The ride to bring my older daughter to school each morning is approximately 50 minutes long (without traffic). That offers us a lot of time to chat. Usually she is teaching me songs she either learned at school (…and the green grass grew all around and around!) or made up (…we just passed seven mailboxes and never did I ever see a purple one oh myyyyyy!). Sometimes we just listen to the radio and sometimes we have actual conversations. Yes, this still blows my mind. She’s four and a real person with opinions and feelings and hopes and aversions to things like getting up early in the morning.

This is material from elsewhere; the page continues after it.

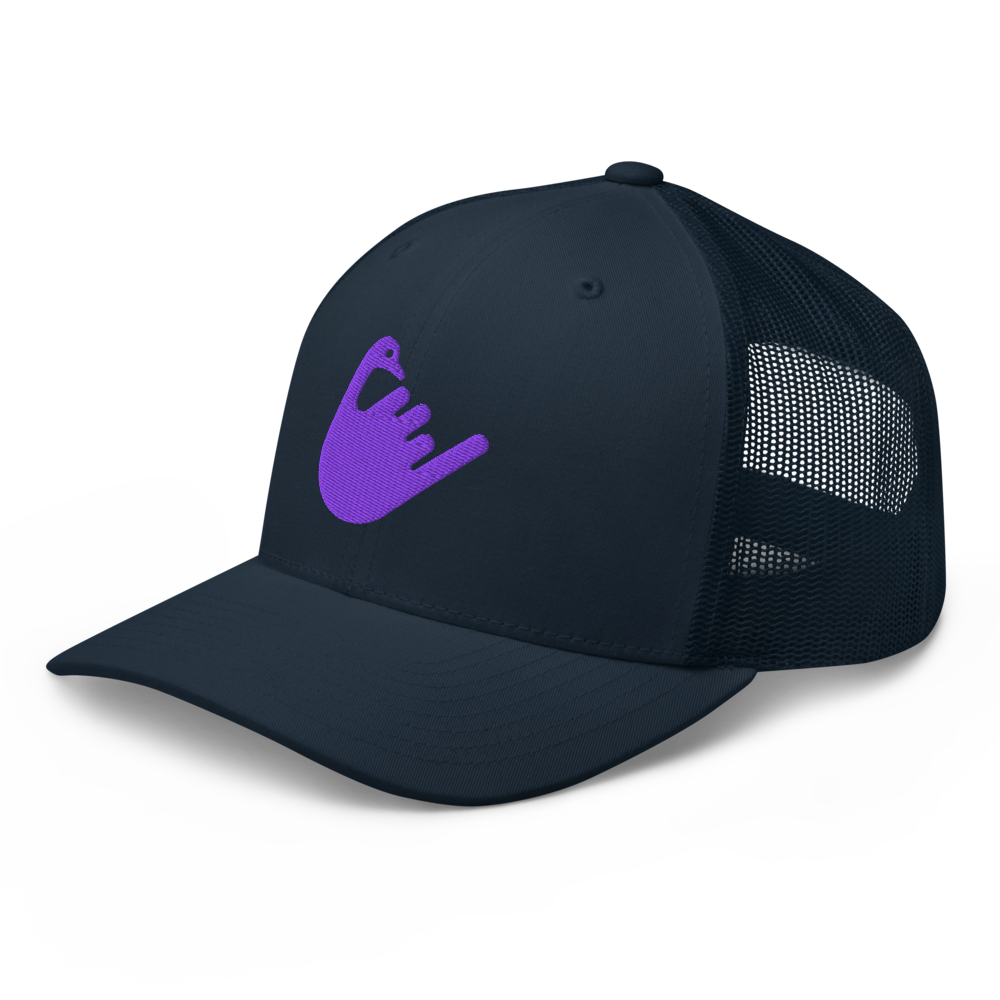 hang loose nostr cap side view navy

This morning I heard her little voice pipe up from the back seat, “Hm. That’s strange.” Curious, I took the bait. “What’s strange, Liv?”

I wasn’t expecting the following response. “We’ve passed many flags already and none of them are smiling. I think it’s because they are only half to the top of the flagpole. They are all half to the top.”

Then, the dreaded, “Why?”

I didn’t really have time to contemplate how I could or should attempt to explain the reason behind all of our American flags being flown at half-mast. I didn’t think I’d be spending this morning giving my preschooler a lesson on terror, fear, hatred, anguish, pain, patriotism, heroism and loss. I didn’t think we’d yet be discussing 9/11.

I hadn’t even had coffee yet. I didn’t want to get this wrong (though, I’m not sure there is a right way?), but I didn’t want to avoid answering her because she deserved an explanation.

“Well,” I started. “You’re right. The flags are sad.”

“I could tell,” she said, knowingly. “But, why are they sad?”

“There is a day each year when we come together as one big family to remember something very sad that happened to people we loved not so long ago.”

She was silent for a moment, considering this. “So people use our flag to show it? Like when I’m sad, I show it with tears?”

“Kind of, yes,” I replied, deciding that the sex talk will be CAKE after this. Good grief. She asked me if we used the American flag because America was sad. I told her that, yes, America and many other people around the whole world were sad, but also full of love. So full of love.

I never really explained what actually happened on that day 12 years ago that leaves so many of us with missing pieces of our hearts, but I know I will. What I most wanted her to know at age four is how much love surrounds us.


from the Ground Zero Museum

from the Ground Zero Museum

She hummed quietly to herself for about fifteen minutes more before she said, “Whenever I am sad, a hug helps.”

Me, too, baby girl. As you all go about your lives, when things are difficult, know that we are here, wishing you love and so many hugs.